The tennis icon’s slow-motion march from center court is the ostensible subject of writer Geoff Dyer’s new book The Last Days of Roger Federer: And Other Endings. “So even when it looked like he would never win another Slam we were glad he kept playing, glad he didn’t subscribe to Borg’s zero-sum ideal of number one or bust, because it gave us a chance to see him,” Dyer writes in a passage that fully captures some of our wistfulness about the aging giant. “It was an illusion we could believe in.”

Of course, readers of Dyer’s earlier books, including the acclaimed D.H. Lawrence study Out of Sheer Rage, are sure to guess that this new book is no mere exegesis of the greatness of Federer. Instead, Dyer applies his notably free-form style, casually juxtaposing criticism, autobiography, and non sequitur, to the larger topic of “endings” — Federer’s anticipated ending, as well as the works produced by writers, musicians, and painters near the end of their productive lives.

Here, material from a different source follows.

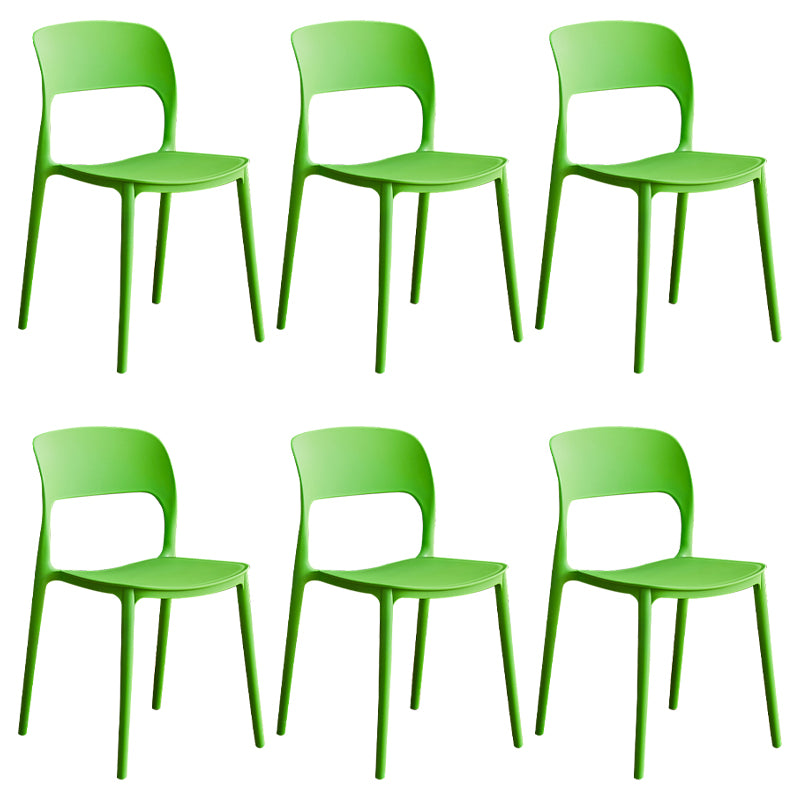 Contemporary Plastic Dining Room Chairs Armless Open Back Dining Side Chair for Room Use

In numbered sections, Dyer jumps from one variation on this theme to another. One section might explore the topic of retirement as a life goal in itself among the adults in his life when he was growing up (“It was a form of promotion, practically an ambition,” to retire), while another, a few pages later, dives into the peculiarity of an aging Bob Dylan’s continued commitment to touring (“It’s possible he enjoys it but if the stage is, as he claimed in 1997, ‘the only place where I’m happy,’ why then doesn’t he show it?”). Dyer’s style is as jagged as Federer’s serves are smooth, but the basic theme is strong enough, and Dyer’s voice is engaging enough, to keep the book consistently thought-provoking.

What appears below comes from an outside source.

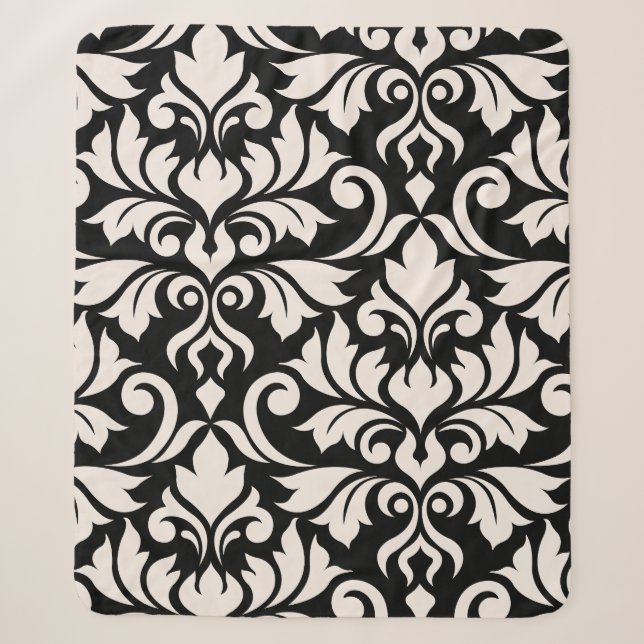 Couverture Sherpa Flourissant Damask Art I Cream sur Black (Devant)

Dyer is clearly moved by the position of athletes and artists as they try to continue to ply their trades even as time marches on. He references the late paintings of J.M.W. Turner, who preferred an extreme amorphousness of style, “tangible objects such as castles, palazzi, people, even geographical features hazing into a glow and burst of light,” that was once perceived as an indication of the artist’s decline but was, as Dyer explains, something of a road map for the impressionists. By the same token, an Alzheimer’s disease-afflicted Willem de Kooning is said to have churned out a spate of late paintings that were not quite his own. “Assistants would project drawings onto canvas for him to paint over and around,” Dyer notes.

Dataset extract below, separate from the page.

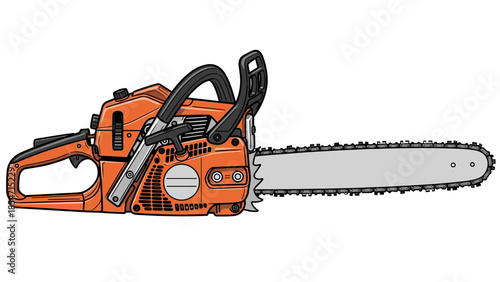 Orange Chainsaw with Black Handles and Silver Blade.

There is something cozy and appealing about Dyer’s attentiveness to last things. He rattles off works of art whose titles refer to the last of something, from Larry McMurtry’s novel The Last Picture Show to Bernardo Bertolucci’s Last Tango in Paris, and refers to our fascination with those last periods of happiness or joy just prior to some cataclysm: He writes of the summer of 1914, for example, as a respite before “the entire world shifted on its axis.” The cinematic subgenre in which criminals commit “one final heist” is considered, with Michael Mann’s Heat offered as an illustrative example. Before Dyer even gets to Federer, or to tennis itself, he talks about the Doors’s song “The End,” which, of course, appeared on the band’s first album. We’re a nostalgic species, it seems.

Peter Tonguette is a Washington Examiner magazine contributing writer.